Art. 117 CP; art. 26 al. 2 LPTh; homicide par négligence (acquittement), violation du devoir de diligence. Un médicament ne doit être prescrit que si les données vitales du patient, son état de santé, ses allergies, ses intolérances médicamenteuses et le potentiel d'interaction avec d'autres substances actives ou médicaments ainsi qu'avec des produits alimentaires sont connus (consid. 2.4.1). Le médecin doit se faire une idée précise de ce qui ne va pas chez le patient et des formes de thérapie appropriées. Généralement, la diligence médicale exige la réalisation d'une anamnèse. Il n'existe pas d'indications générales sur le type d'anamnèse nécessaire pour un cas particulier. En règle générale, la collaboration du patient est nécessaire à la réalisation du traitement. Cette collaboration est un simple devoir. Si le patient ne coopère pas au traitement, le médecin n'est pas tenu d'intervenir (consid. 2.4.2). L'obligation du médecin de garder le secret interdit toute divulgation du secret à des tiers. Elle protège la personnalité du patient et subsiste après la fin du traitement (consid. 2.4.3). En général, le médecin peut partir du principe qu'il a affaire à un patient sensé, raison pour laquelle il peut en principe se fier à ses indications (consid. 2.7.2). Dans le cas d'espèce, le médecin avait procédé à une première anamnèse, avait clarifié la question d'une allergie aux antibiotiques et avait demandé à la patiente de lui apporter son dossier médical. Comme celui-ci faisait défaut, il a insisté et a demandé à sa patiente de le lui fournir "de toute urgence". Le médecin s'est ainsi suffisamment acquitté de son devoir de clarification et de diligence. Il n'était tenu ni par la loi ni par les règles reconnues de la profession de se charger d'obtenir par lui-même le dossier médical antérieur de sa patiente qui ne l'avait pas fourni (consid. 2.8).

IT

Art. 117 CP; art. 26 cpv. 2 LATer; omicidio colposo (proscioglimento), violazione del dovere di diligenza. Un medicamento può essere prescritto soltanto se sono noti i parametri vitali del paziente, il suo stato di salute, le allergie, le intolleranze medicamentose e il potenziale di interazione con altri principi attivi, rispettivamente medicamenti e alimenti (consid. 2.4.1). Il medico deve farsi un'idea precisa di cosa abbia il paziente e delle forme di terapia appropriate. Di solito la diligenza medica esige l'esecuzione di un'anamnesi. Non esistono indicazioni generali sul tipo di anamnesi necessaria nel singolo caso. Di regola la collaborazione del paziente è indispensabile per l'attuazione del trattamento. Questa collaborazione costituisce una semplice incombenza. Se il paziente non collabora al trattamento, il medico non deve tuttavia intervenire (consid. 2.4.2).

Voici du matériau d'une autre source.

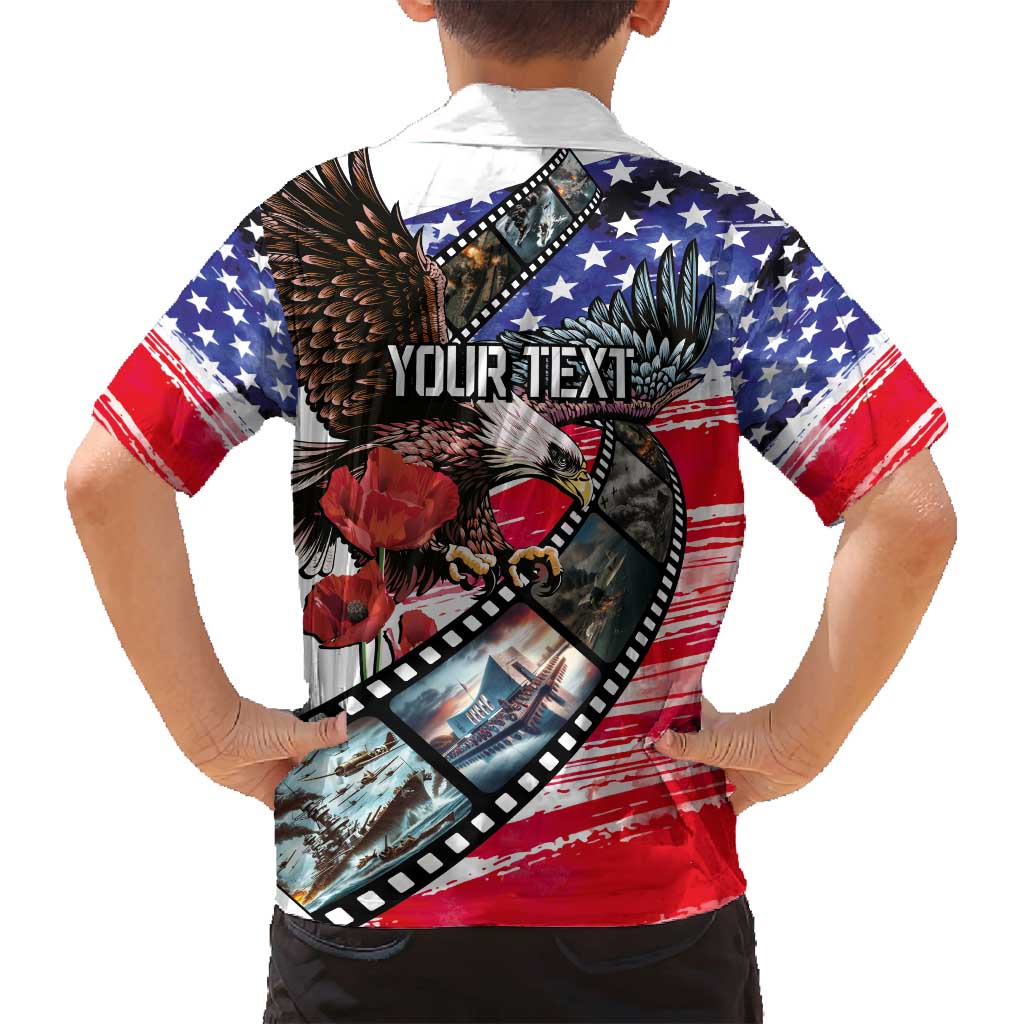 Pearl Harbor Remembrance Day Personalized Family Matching Summer Maxi Dress and Hawaiian Shirt Lest We Forget - The Bald Eagle Remembers LT03 - Polynesian Pride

L'obbligo del medico di mantenere il segreto vieta qualsiasi rivelazione del segreto a terzi. Esso tutela la personalità del paziente e permane dopo la fine del trattamento (2.4.3). In genere il medico può partire dal principio di avere a che fare con un paziente assennato, di modo che può in linea di massima fidarsi delle sue indicazioni (consid. 2.7.2). In concreto il medico ha effettuato una prima anamnesi, chiarito la questione di un'allergia agli antibiotici e chiesto alla paziente di fornirgli la cartella medica. Non essendogli pervenuta, egli ha persistito ed esortato la sua paziente a procurargliela celermente. Il medico ha così assolto adeguatamente il suo obbligo di chiarimento e il suo dovere di diligenza. Né la legge né le normative riconosciute dalla categoria gli imponevano di farsi parte attiva e di adoperarsi per ottenere le precedenti cartelle mediche che la paziente non gli ha fornito (consid. 2.8).